There was also a perhaps bigger problem: even if a lateral flow was positive, contact tracing only started after a confirmatory laboratory PCR test. This was a decision made by Hancock on the advice of Public Health England, based on concern about the accuracy of lateral flows, particularly when the prevalence of the virus was low.

One concern was that thousands of key workers needed to keep the country going through the second wave might have to go off work unnecessarily if there were too many false positives. But the effect was to delay infectious people from isolating themselves.

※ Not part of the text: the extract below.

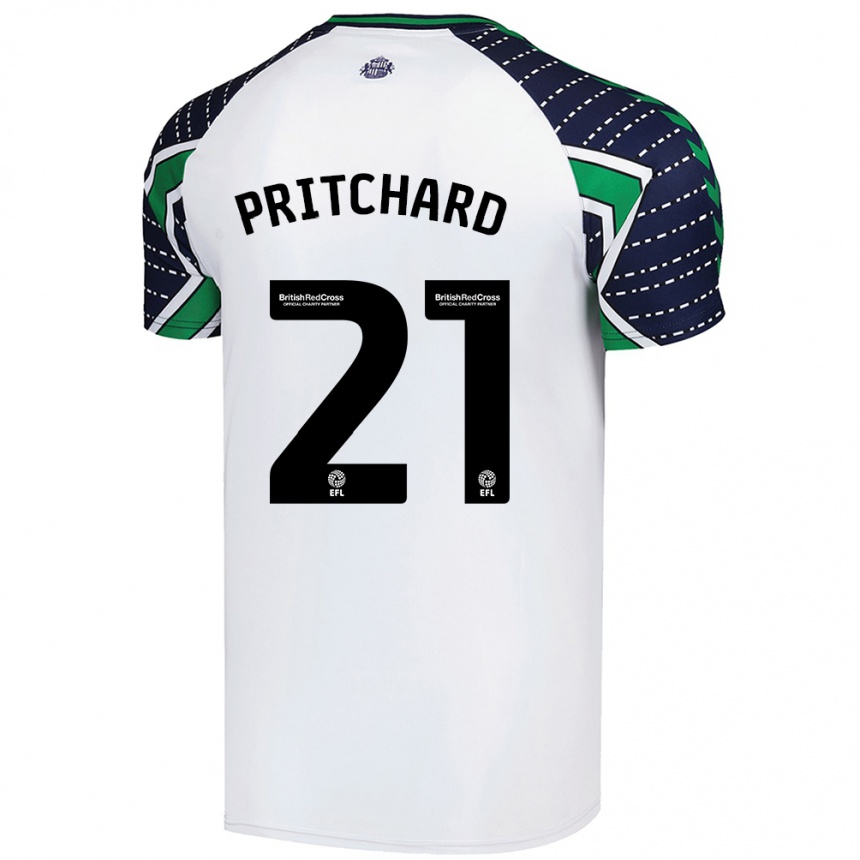 Vaikiškas Alex Pritchard #21 Baltas Išvykos Marškinėliai 2024/25 T-Shirt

The Scientific Advisory Group on Emergencies had already concluded: “Any delay beyond 48-72 hours total before isolation of contacts results in a significant impact on R [speed of virus spread].” Forty-eight hours was “desirable”, the government advisers said, adding: “The sooner it is done the better.”

But only 54% of PCR results came back within 48 hours and a quarter took more than 72 hours, the PAC found. More widely there was growing concern about the effectiveness of NHS test and trace, which paid £3.1bn to secure PCR laboratory capacity and £911m for contact tracing. The PAC would later conclude that in 2020–21 NHS test and trace used only a minority of the laboratory and contact centre capacity it paid for. To growing public disquiet an army of more than 2,000 test-and-trace consultants were also being paid £1,100 a day on average.

Inside the Department of Health and Social Care, concerns were raised in December that confirmatory PCR tests “may be harmful”. There were “public health risks to our policy”, according to the Covid inquiry submission by Dr Achim Wolf, a senior UK test and trace official. On Christmas Eve, Public Health England recommended lifting the requirement.

But it wasn’t until 27 January 2021 that it was lifted, and then only for some people. In the preceding month about 1.8 million people tested positive for Covid, and on 6 January England entered its third national lockdown, with schools shut.

“Track and trace failed to halt the waves of infection,” said Jim Naismith, professor of structural biology, at the University of Oxford in October 2021. “This was clear in real time last year. Too small a proportion of contacts were identified and instructed to isolate in a timely manner. The Royal Society had quite early on shown that success depended on isolating a very high proportion of the contacts of infectious people within a very short time window.”